Robust Adversarial Quantification via Conflict-Aware Evidential Deep Learning¶

Conference: ICLR 2026
OpenReview: https://openreview.net/forum?id=27oJibuygA
Code: https://github.com/team-daniel/cedl
Area: AI Safety / Uncertainty Quantification / Adversarial Robustness
Keywords: Evidential Deep Learning, Uncertainty Quantification, Conflict-Aware, OOD Detection, Adversarial Robustness

TL;DR¶

Addressing the issue where Evidential Deep Learning (EDL) makes "confident mistakes" under adversarial perturbations, this paper proposes C-EDL, a post-hoc method requiring no retraining. C-EDL generates multiple label-preserving transformed views for each input, quantifies the "conflict" between these views in the evidence space, and decays the evidence accordingly to amplify uncertainty. This reduces OOD data coverage by up to \(\approx 55\%\) and adversarial data coverage by up to \(\approx 90\%\), with almost no loss in ID accuracy or inference efficiency.

Background & Motivation¶

Background: In high-risk scenarios such as healthcare or autonomous driving, models must "know when they are untrustworthy," making uncertainty quantification (UQ) a core requirement. While Bayesian Neural Networks, Variational Inference, Deep Ensembles, and MC Dropout are mainstream approaches, they are often computationally expensive or require multiple forward passes, making them difficult to deploy on edge devices. Evidential Deep Learning (EDL) models class probabilities using a Dirichlet distribution, providing both epistemic and aleatoric uncertainty in a single forward pass. This makes it lightweight, efficient, and particularly suitable for OOD detection in real-time or resource-constrained scenarios.

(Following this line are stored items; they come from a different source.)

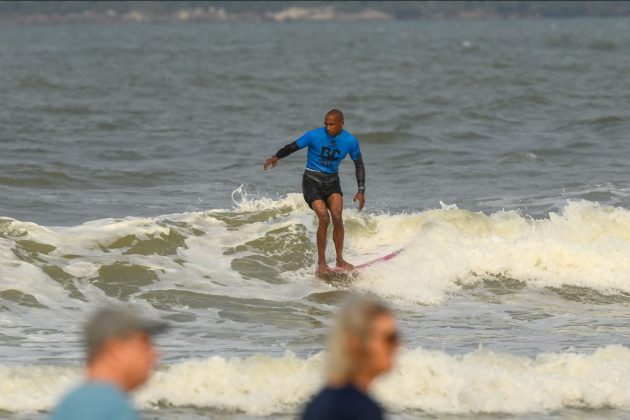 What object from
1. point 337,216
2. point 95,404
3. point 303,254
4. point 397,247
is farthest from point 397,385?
point 397,247

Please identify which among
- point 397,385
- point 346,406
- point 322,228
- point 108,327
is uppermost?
point 108,327

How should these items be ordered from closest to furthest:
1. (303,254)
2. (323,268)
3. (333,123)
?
(333,123)
(323,268)
(303,254)

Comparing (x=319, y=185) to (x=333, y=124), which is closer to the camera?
(x=333, y=124)

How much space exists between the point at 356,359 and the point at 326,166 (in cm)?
920

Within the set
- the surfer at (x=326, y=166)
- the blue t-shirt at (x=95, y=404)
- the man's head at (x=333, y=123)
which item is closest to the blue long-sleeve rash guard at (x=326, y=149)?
the surfer at (x=326, y=166)

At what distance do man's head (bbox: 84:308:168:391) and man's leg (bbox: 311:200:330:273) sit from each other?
9300 millimetres

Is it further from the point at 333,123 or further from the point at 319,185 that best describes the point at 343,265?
the point at 333,123

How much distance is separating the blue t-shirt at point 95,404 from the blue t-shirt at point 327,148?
9.24 meters

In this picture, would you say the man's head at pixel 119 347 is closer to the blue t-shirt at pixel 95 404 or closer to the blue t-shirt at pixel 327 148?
the blue t-shirt at pixel 95 404

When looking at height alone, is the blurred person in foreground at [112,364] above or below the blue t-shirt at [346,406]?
above

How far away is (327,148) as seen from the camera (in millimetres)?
13039

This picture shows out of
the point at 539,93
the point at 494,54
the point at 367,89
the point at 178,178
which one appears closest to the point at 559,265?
the point at 178,178

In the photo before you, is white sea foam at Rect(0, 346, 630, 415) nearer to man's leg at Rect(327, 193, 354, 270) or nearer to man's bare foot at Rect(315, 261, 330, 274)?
man's leg at Rect(327, 193, 354, 270)

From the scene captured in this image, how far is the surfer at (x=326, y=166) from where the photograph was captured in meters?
12.9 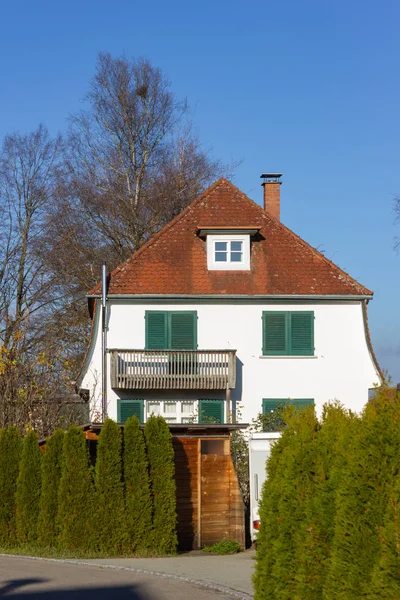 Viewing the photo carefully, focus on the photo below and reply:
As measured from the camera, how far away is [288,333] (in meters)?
33.4

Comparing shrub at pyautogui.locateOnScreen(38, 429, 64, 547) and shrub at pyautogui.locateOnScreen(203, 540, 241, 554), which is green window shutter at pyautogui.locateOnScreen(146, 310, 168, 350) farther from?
shrub at pyautogui.locateOnScreen(203, 540, 241, 554)

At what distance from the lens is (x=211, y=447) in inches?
887

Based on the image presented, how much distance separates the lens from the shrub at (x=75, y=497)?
20344mm

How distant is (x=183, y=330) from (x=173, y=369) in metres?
1.80

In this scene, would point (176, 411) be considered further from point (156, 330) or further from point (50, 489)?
point (50, 489)

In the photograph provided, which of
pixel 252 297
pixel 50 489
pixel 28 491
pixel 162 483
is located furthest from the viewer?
pixel 252 297

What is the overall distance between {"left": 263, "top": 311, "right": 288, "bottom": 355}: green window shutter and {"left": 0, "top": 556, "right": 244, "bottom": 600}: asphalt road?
16127mm

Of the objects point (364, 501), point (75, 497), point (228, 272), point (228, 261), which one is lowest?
point (75, 497)

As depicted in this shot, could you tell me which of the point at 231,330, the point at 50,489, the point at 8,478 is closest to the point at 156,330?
the point at 231,330

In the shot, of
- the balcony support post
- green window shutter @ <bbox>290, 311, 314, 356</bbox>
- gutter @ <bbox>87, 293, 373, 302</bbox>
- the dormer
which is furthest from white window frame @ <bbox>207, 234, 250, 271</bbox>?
the balcony support post

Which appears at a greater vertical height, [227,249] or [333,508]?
[227,249]

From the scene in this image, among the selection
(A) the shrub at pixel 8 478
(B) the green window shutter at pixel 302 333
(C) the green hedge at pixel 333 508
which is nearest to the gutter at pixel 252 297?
(B) the green window shutter at pixel 302 333

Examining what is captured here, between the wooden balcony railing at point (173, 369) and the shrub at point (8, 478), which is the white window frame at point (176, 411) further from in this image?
the shrub at point (8, 478)

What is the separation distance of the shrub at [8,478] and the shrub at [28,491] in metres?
0.21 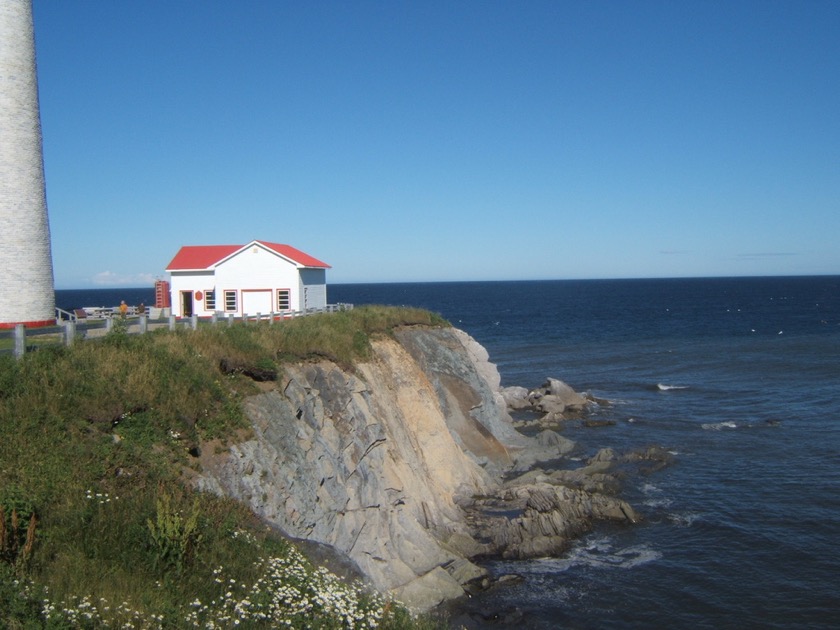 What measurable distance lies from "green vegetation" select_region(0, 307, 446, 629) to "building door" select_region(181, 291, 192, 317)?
20.6m

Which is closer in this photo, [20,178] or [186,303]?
[20,178]

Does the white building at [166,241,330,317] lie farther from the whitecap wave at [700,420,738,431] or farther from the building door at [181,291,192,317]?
the whitecap wave at [700,420,738,431]

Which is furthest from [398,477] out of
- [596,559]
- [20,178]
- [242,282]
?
[242,282]

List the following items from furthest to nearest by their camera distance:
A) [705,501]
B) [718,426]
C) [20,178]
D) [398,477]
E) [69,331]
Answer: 1. [718,426]
2. [705,501]
3. [20,178]
4. [398,477]
5. [69,331]

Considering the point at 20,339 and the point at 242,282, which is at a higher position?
the point at 242,282

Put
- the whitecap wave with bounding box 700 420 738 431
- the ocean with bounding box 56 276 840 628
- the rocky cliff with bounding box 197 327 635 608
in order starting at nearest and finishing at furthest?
the rocky cliff with bounding box 197 327 635 608 < the ocean with bounding box 56 276 840 628 < the whitecap wave with bounding box 700 420 738 431

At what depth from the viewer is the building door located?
37.7 m

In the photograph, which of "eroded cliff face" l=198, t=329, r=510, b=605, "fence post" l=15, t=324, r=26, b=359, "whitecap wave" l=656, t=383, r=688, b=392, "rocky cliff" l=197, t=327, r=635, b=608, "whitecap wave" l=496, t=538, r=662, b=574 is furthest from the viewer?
"whitecap wave" l=656, t=383, r=688, b=392

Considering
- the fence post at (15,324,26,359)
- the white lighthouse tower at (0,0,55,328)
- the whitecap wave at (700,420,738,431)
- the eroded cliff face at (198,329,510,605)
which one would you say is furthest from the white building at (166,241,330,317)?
the whitecap wave at (700,420,738,431)

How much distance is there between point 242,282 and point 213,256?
2.74 metres

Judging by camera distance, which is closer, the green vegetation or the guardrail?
the green vegetation

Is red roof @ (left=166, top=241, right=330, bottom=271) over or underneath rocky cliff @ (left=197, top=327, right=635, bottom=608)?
over

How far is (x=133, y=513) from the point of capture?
10.6 meters

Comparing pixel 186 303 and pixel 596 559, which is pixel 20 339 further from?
pixel 186 303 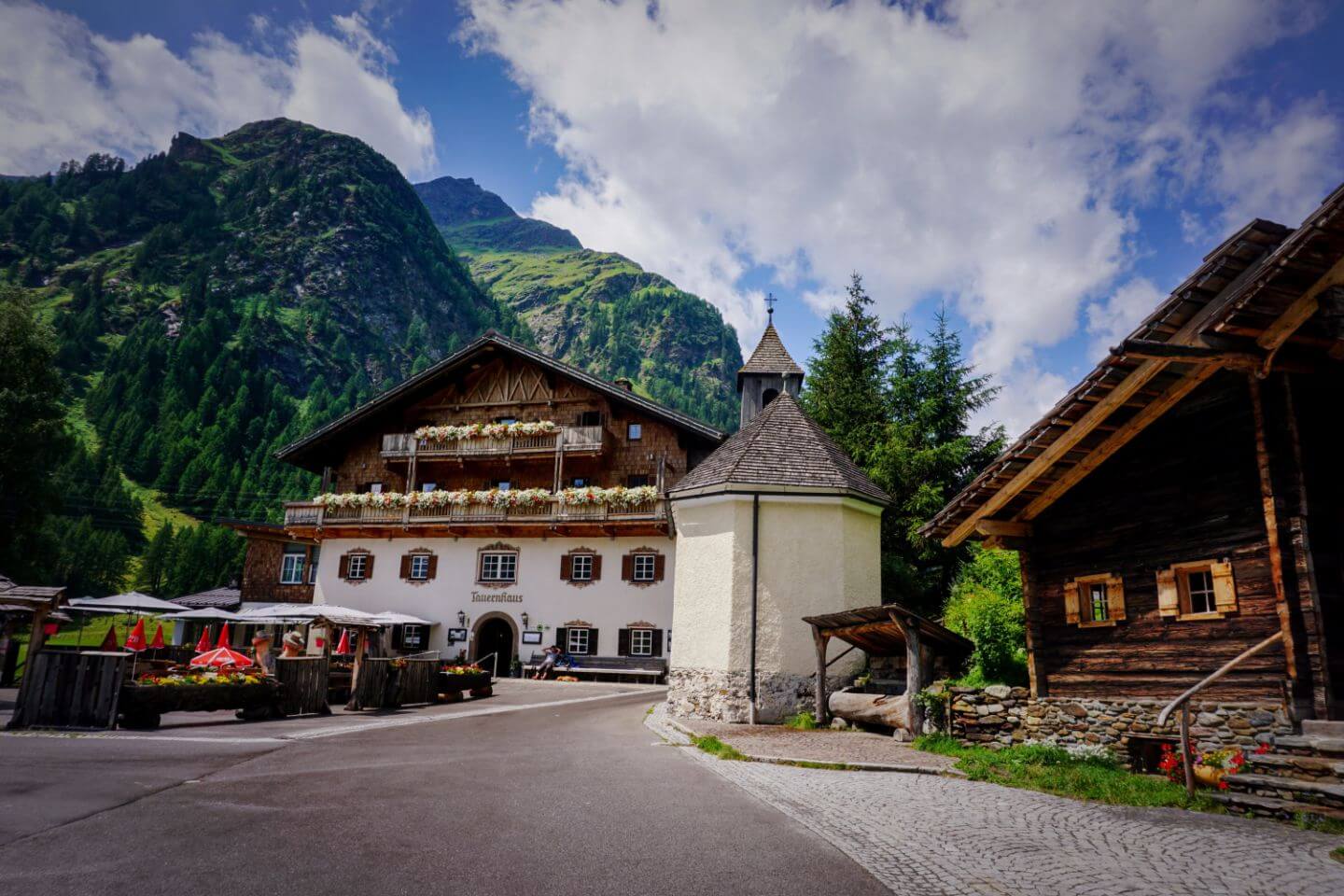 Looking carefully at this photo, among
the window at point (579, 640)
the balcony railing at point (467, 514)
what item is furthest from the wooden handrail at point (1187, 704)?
the window at point (579, 640)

Limitations of Prior Work: The Achilles' heel of EDL is precisely its "deterministic single forward pass." Faced with adversarial perturbations, gradient attacks can push an OOD sample into the "in-distribution" (ID) region from the model's perspective, leading to inflated evidence strength and underestimated uncertainty—the model thus confidently treats adversarial samples as normal. Once an overconfident error is made, a single-pass EDL has no "second opinion" to correct it. Subsequent EDL improvements (I-EDL, H-EDL, R-EDL, DA-EDL, etc.) have focused on improving OOD detection but fail to address the root cause of the "single deterministic forward pass," leaving adversarial robustness fragile. A few adversarial-focused methods like Smoothed EDL provide only local regularization and remain overconfident under strong attacks.

Key Challenge: The efficiency of EDL stems from "looking only once," whereas adversarial robustness requires "looking multiple times to check evidence stability." How can "multi-view verification" be injected into EDL without sacrificing single-pass efficiency and without retraining the model?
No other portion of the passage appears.